A standard cholesterol panel reports the cholesterol packed inside your LDL particles, but it cannot see whether those particles carry an extra, genetically fixed protein tail. Lipoprotein(a), or Lp(a), is the LDL-like particle that does. Its blood level is set largely by the LPA gene, stable from childhood, and barely shifts with diet, exercise, or statins. In 2024 the National Lipid Association moved Lp(a) into its once-in-a-lifetime universal-screening recommendation, with the elevated-risk cut-off at 50 mg/dL (or 125 nmol/L) and very-high at 100 mg/dL (250 nmol/L) (Koschinsky et al., 2024). Two findings drove the shift. A UK Biobank cohort of 460,544 adults followed a median 13.6 years reported a hazard ratio (the relative rate of a new event per unit of exposure) near 1.18 per 75 nmol/L of Lp(a) for incident peripheral artery disease and 1.17 for carotid disease, adjusted for standard lipids (Bellomo et al., 2025). The phase-2 ALPACA trial of lepodisiran, a small interfering RNA that silences LPA messenger RNA, reduced serum Lp(a) by 93.9 percentage points versus placebo at the 400 mg dose, with the effect persisting through 360 days (Nissen et al., 2025). The screening case turns on one question: how often does an Lp(a) test surface something a standard panel does not?

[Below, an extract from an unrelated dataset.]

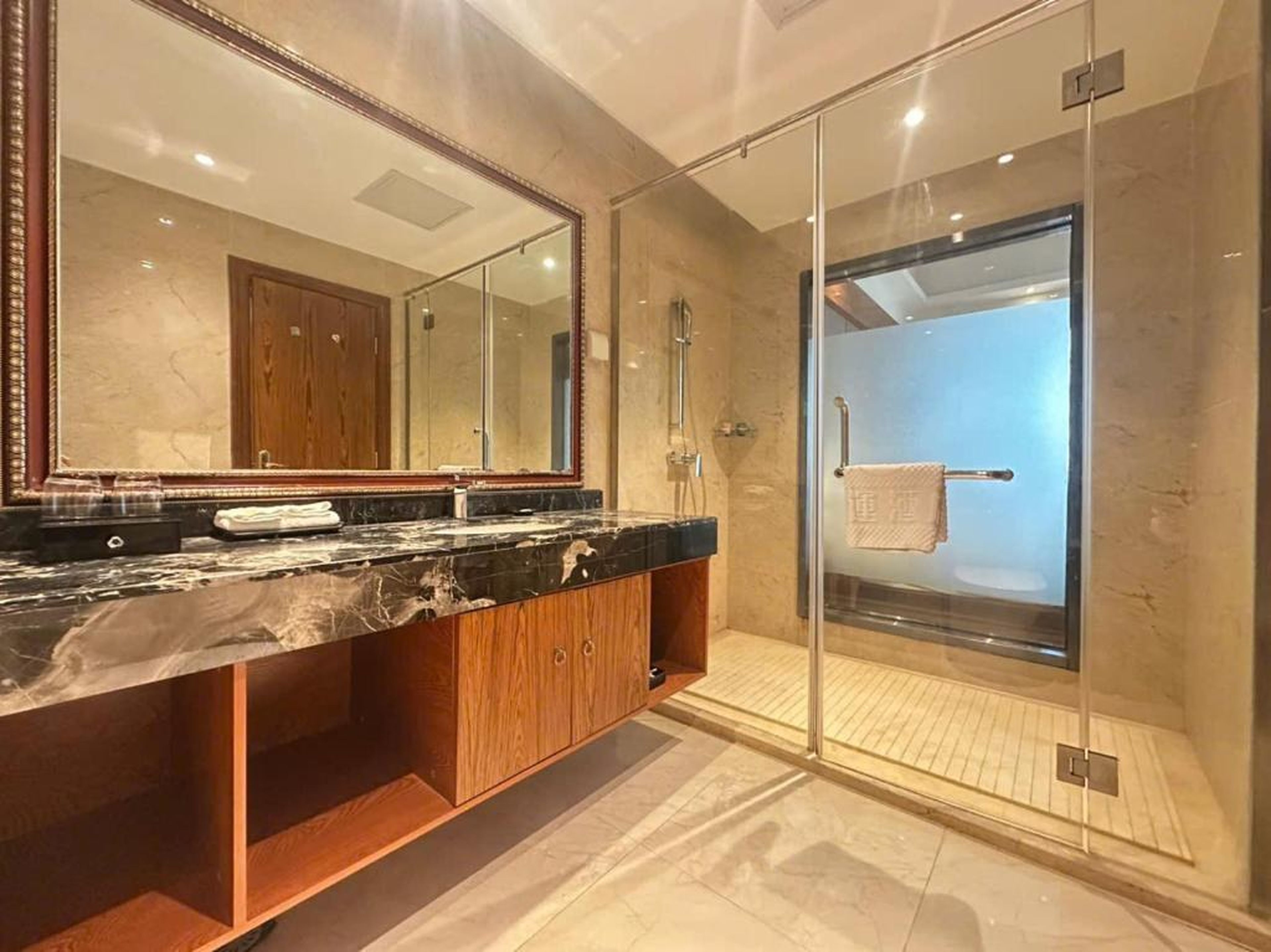 Hồng Vận Grand Hotel Móng cái - Hình 25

We took the most recent Blood Vision panel carrying an Lp(a) value for each member between August 2025 and April 2026, excluded ambiguous below-detection-limit readings, and applied the NLA thresholds to the 2,452 members left. For the 2,231 whose same panel also reported LDL, we called it normal or elevated against the ACC/AHA 2018 cut-off of 130 mg/dL.

Across 2,452 members, the test flags risk a routine panel cannot. 397 (16.2 percent, 95 percent CI 14.8 to 17.7) carried elevated Lp(a), and 71 (2.9 percent) sat in the very-high band. Within the 2,231 with a paired LDL, the standout cell is elevated Lp(a) sitting behind a normal LDL: 213 members, or 9.5 percent of the subset.

Figure 1. Distribution of 2,231 Ultrahuman Blood Vision panels across the four LDL by Lp(a) quadrants. Cut-points: LDL 130 mg/dL (ACC/AHA 2018); Lp(a) 50 mg/dL or 125 nmol/L per the 2024 NLA scientific statement, applied unit-matched. Concordant-low (LDL and Lp(a) both normal) 55.3 percent; LDL-only elevated 28.5 percent; hidden Lp(a) (LDL normal, Lp(a) elevated) 9.5 percent; both elevated 6.6 percent.

The answer is roughly three in five. Of the 360 members with elevated Lp(a) and a paired LDL, 213 (59.2 percent) had a normal LDL, so a routine report would have cleared most of them. Prevalence held flat across age, as a genetic marker should: 16.2 percent at 18 to 34 (n = 1,004), 15.7 percent at 35 to 49 (n = 1,069), and 16.8 percent at 50 and over (n = 310), within 1.1 percentage points. A second marker did not rescue the missed cases. Among the 1,931 members with Lp(a), LDL, and ApoB on one panel, 105 (5.4 percent, 95 percent CI 4.5 to 6.5) carried elevated Lp(a) while LDL stayed below 130 mg/dL and apolipoprotein B (ApoB), the count of all atherogenic particles, below 90 mg/dL. The Lp(a)-versus-ApoB contrast deserves its own analysis; this cross-sectional design describes prevalence, not cardiovascular outcomes.

One in six Ultrahuman members carries an inherited cardiovascular risk their LDL alone does not reveal, and for most of them a standard cholesterol report reads clean. The level is genetically set and barely moves over a lifetime, so a single test tells you where you stand and lets you manage the rest of your risk accordingly. On this evidence, the case for adding Lp(a) to a routine panel is hard to argue against.